§ Task prompt
Starting at the line that contains "Ελασσόνας (ΦΩΤΟ) Παρανάλωμα", return every line through the end of the data exactly, without pictures.

§ Supplied information

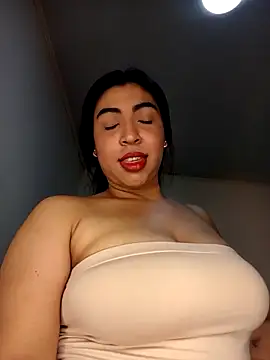 sweetlaura 29 online show from 03/05/26, 05:48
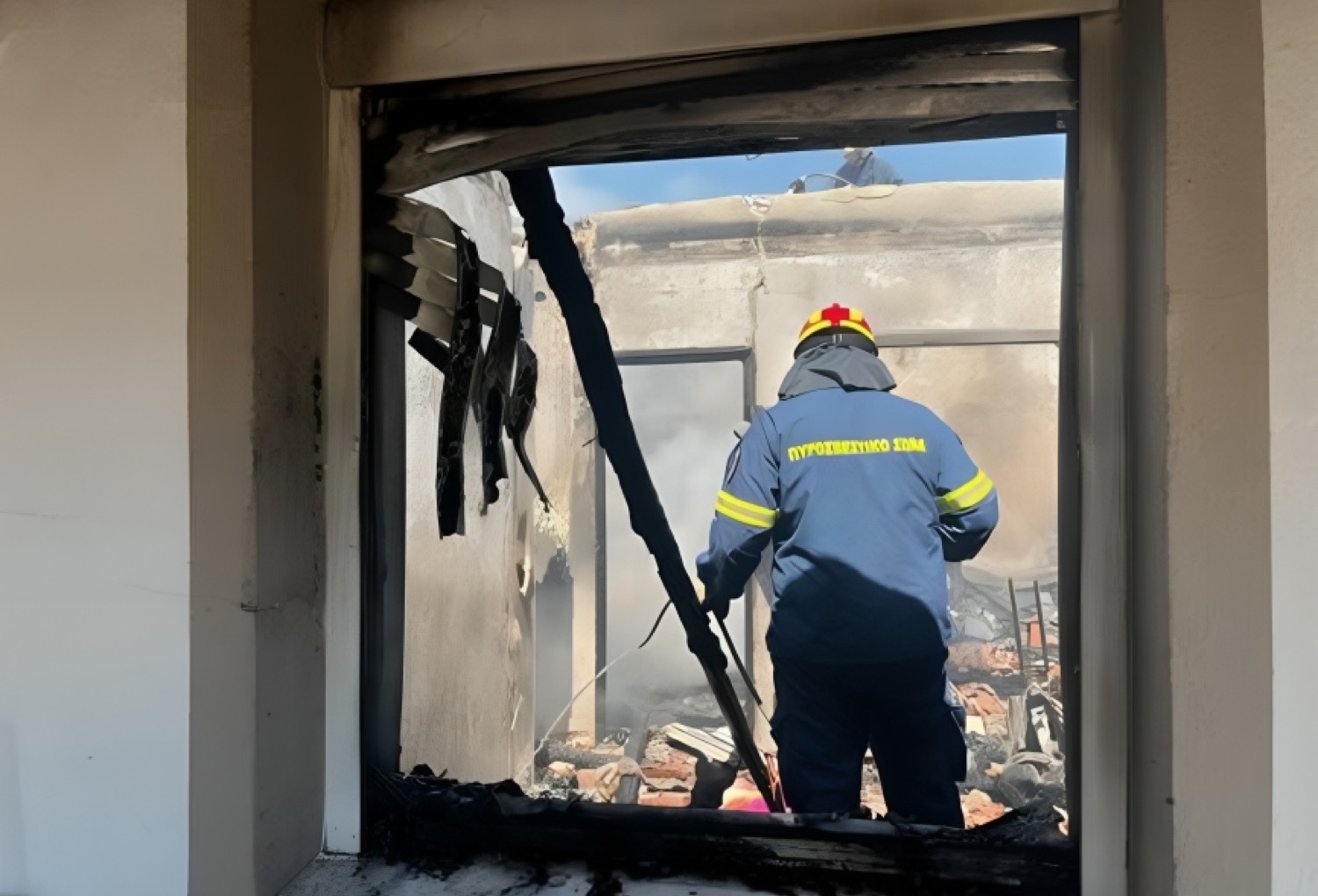Παρανάλωμα του πυρός σπίτι πενταμελούς οικογένειας σε χωριό της Ελασσόνας (ΦΩΤΟ) Παρανάλωμα του πυρός σπίτι πενταμελούς οικογένειας σε χωριό της Ελασσόνας (ΦΩΤΟ)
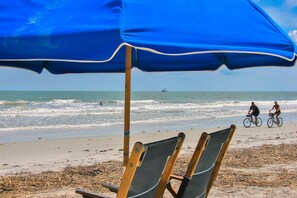 On the beach - 116 Breakers-Oceanfront with Pool & Kiddy Pool.  Steps to Dining & Shopping (Hilton Head Island)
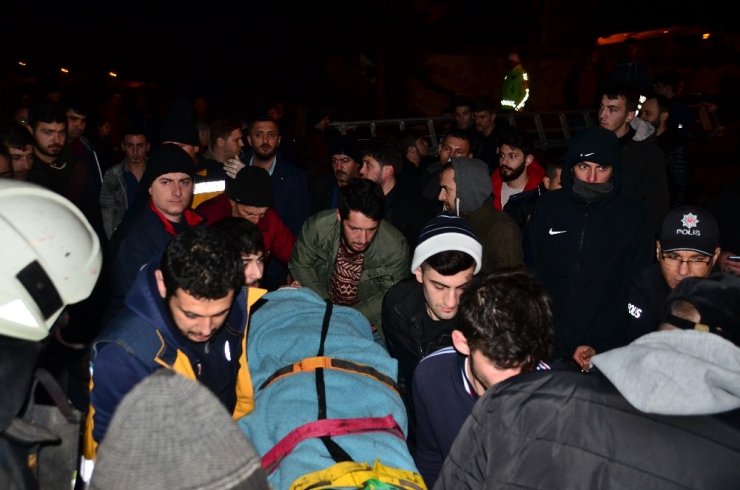 Irmağa atlayan kızını kurtarmak isteyen baba kayboldu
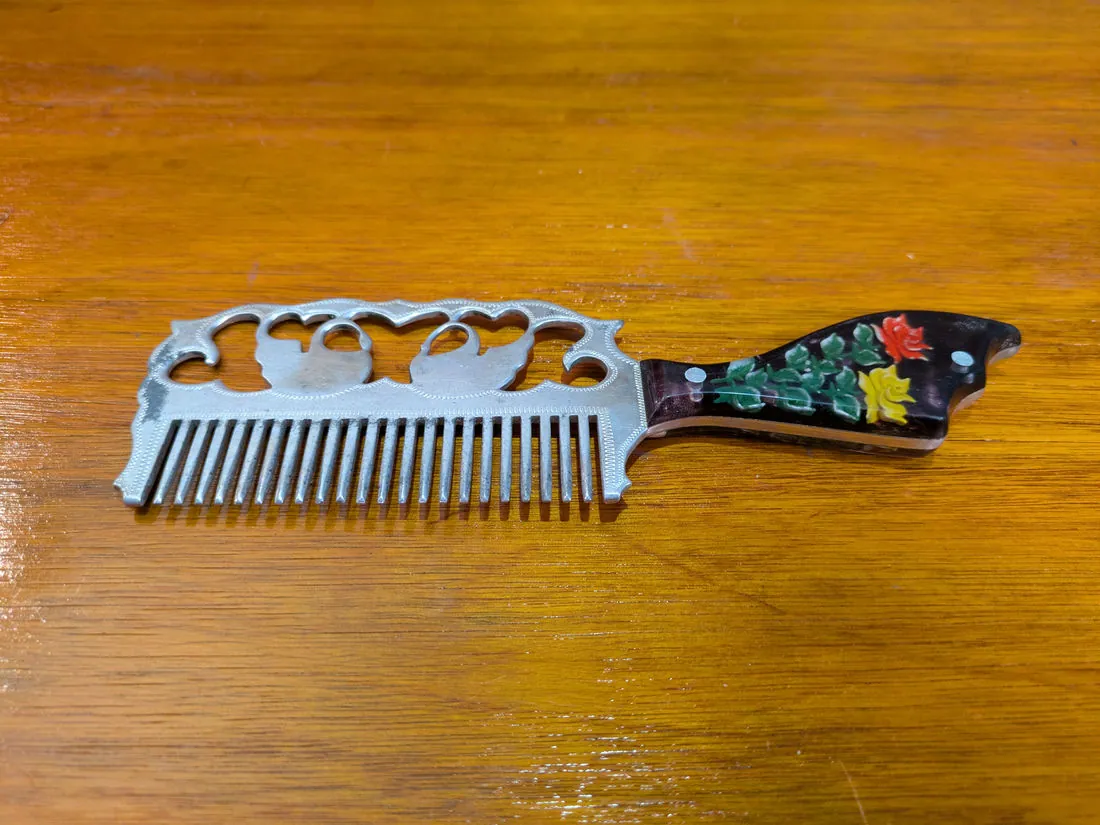 Prison art Vintage USSR Soviet Metal Comb w yellow&Red Resin Floral Handle, photo 2 of 8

§ Your response
Παρανάλωμα του πυρός σπίτι πενταμελούς οικογένειας σε χωριό της Ελασσόνας (ΦΩΤΟ) Παρανάλωμα του πυρός σπίτι πενταμελούς οικογένειας σε χωριό της Ελασσόνας (ΦΩΤΟ)
 On the beach - 116 Breakers-Oceanfront with Pool & Kiddy Pool.  Steps to Dining & Shopping (Hilton Head Island)
 Irmağa atlayan kızını kurtarmak isteyen baba kayboldu
 Prison art Vintage USSR Soviet Metal Comb w yellow&Red Resin Floral Handle, photo 2 of 8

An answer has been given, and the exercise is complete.